25 de junho de 2010

Nem sempre a lápis (48)


Estimados leitores – futuramente perturbados com o que se espraia aos vossos olhos, se não virem gorado o esforço para chegarem ao fim desta linha –, recentemente chegada de Nova Iorque, onde se terá deslocado para colher formação que lhe permita entrevistar-me para uma conceituada revista internacional de arte (vírgula) solicita-me a minha amiga e ex-colega (eu sei que colegas são as putas, não te rales; distinguem-se cada vez menos, a crise…) do falecido Diário de Lisboa, publicação vespertina onde tínhamos um especial condão para nos pegarmos, em acertados e invariavelmente certeiros dias, prosseguindo o convívio estabelecido, saudosos anos antes, à mesa da entrada da Cervejaria da Trindade, no passadiço d’A Brasileira, abancados no 13 da rua do Norte; pede-me a Lourdinhas, na intimidade ortográfica do nome, que lhe bata uns dois mil narcisos à pala do Zé Povinho.

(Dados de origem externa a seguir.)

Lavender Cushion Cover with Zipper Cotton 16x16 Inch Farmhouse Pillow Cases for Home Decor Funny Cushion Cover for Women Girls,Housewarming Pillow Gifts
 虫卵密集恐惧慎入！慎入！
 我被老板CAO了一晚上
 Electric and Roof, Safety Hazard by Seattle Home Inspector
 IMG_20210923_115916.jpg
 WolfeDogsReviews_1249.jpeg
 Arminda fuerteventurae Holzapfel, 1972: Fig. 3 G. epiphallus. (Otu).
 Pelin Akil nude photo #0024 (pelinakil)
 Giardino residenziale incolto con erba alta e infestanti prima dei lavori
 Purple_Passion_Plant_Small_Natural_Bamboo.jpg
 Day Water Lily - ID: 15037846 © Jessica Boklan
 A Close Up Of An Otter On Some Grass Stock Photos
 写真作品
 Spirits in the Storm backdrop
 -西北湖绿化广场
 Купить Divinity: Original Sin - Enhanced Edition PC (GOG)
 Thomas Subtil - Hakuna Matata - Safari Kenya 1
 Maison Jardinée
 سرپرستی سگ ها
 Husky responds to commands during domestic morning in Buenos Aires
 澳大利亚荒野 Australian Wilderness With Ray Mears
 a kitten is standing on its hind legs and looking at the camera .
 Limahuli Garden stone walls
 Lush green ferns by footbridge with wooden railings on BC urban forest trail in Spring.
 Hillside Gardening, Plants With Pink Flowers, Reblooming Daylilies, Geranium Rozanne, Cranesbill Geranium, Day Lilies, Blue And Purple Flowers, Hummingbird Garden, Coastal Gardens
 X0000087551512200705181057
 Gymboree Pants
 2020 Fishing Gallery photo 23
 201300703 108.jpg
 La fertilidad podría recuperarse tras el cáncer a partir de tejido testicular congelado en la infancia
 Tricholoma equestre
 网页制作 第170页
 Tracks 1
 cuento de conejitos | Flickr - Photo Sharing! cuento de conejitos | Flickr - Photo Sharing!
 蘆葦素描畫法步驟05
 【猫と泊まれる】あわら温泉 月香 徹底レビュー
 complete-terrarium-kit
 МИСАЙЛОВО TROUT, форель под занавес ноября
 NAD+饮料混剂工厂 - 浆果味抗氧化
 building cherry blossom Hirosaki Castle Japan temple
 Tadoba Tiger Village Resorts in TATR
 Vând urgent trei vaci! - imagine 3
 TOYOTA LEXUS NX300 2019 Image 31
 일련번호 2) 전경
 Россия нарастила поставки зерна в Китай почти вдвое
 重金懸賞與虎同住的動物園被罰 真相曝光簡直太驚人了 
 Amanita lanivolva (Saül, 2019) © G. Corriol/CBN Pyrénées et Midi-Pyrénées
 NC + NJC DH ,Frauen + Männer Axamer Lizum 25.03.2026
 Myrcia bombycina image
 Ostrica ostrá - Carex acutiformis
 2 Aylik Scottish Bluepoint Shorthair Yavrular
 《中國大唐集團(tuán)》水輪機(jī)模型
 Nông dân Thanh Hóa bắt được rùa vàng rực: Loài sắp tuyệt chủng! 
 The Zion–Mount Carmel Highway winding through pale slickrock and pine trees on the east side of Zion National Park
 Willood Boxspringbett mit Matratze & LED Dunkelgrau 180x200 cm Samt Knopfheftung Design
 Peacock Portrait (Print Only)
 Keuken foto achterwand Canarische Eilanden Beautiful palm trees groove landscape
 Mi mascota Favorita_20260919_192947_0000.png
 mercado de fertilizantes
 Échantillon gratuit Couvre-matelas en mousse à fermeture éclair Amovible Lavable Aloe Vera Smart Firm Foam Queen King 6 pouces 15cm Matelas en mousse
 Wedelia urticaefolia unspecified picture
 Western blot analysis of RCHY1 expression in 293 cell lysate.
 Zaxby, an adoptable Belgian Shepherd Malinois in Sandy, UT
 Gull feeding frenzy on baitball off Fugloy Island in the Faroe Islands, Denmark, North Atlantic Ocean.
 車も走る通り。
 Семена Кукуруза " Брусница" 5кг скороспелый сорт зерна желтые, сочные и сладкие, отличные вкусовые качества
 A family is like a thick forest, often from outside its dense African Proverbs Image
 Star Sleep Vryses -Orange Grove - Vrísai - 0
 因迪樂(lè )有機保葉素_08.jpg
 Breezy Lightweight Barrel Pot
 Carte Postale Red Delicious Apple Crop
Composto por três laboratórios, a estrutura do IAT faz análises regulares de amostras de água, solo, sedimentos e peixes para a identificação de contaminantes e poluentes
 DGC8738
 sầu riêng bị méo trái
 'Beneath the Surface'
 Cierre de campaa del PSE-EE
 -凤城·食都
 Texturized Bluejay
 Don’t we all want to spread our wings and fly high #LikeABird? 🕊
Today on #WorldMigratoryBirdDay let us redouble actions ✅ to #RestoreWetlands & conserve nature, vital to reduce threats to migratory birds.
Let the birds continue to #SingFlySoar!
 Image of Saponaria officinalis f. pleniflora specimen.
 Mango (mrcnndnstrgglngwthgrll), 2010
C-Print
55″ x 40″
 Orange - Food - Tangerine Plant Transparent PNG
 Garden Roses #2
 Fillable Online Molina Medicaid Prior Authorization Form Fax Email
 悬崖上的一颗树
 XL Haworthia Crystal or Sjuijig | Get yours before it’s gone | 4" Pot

O Zé Povinho?, interrogou-se a minha incredulidade electrónica ao abrir o e-mail, prontamente socorrida por um busto de louça empoleirado atrás do balcão de uma tasca manhosa. Apreciei-lhe a espontaneidade do gesto, confesso. Não posso dizer que o pedido me estragou o dia, mas passei-o sentado a observar os exemplares do Museu de Antropologia atraídos até às esplanadas pela força do astro-rei, cada vez mais preocupado com a responsabilidade de satisfazer o pedido em tempo útil – três dias, frisou bem – a lavrar considerações sobre o Zé Povinho. Ah, polvinho à lagareiro, como tu marchavas aviado pelo labrego de suíças em barro modelado – ashes to ashes –, que terá satisfeito a sofreguidão criadora de Bordalo. Minha querida Lourdes Féria (posso chamar-te Lourdettes, só para te ver os olhos felinar um bocadinho?), lamento desapontar-te, esforcei-me, não consenti que nada – e tanta coisa havia – me desviasse a atenção, mas é como te digo: Zé Povinho, já não temos; deixou de se fabricar, possíveis normas comunitárias. Em contrapartida, talvez as tuas ausências no estrangeiro ainda não te tenham permitido confirmar, que, bafejados precisamente pelas normas comunitárias, passámos a dispor de uma vasta gama, colunável até à clonagem, do Zé Parvinho. Não sei se serve, mas foi tudo o que a realidade me ofereceu sobre o tema: o Zé Parvinho. Grato pela confiança generosamente depositada na minha modesta e, por ventura, discutível conclusão. Olha, depois não te esqueças de apresentar a livreira que te encomendou o desabafo.
[Lourdettes, pirei-me para Asilah e nunca mais me lembrei de dar a volta ao texto – ocultar o lado íntimo –, mas as saudades de viajar e de ti, ficam aqui firmemente repostas e o Zé Parvinho que se lixe. Até breve, ou… cioleiter.]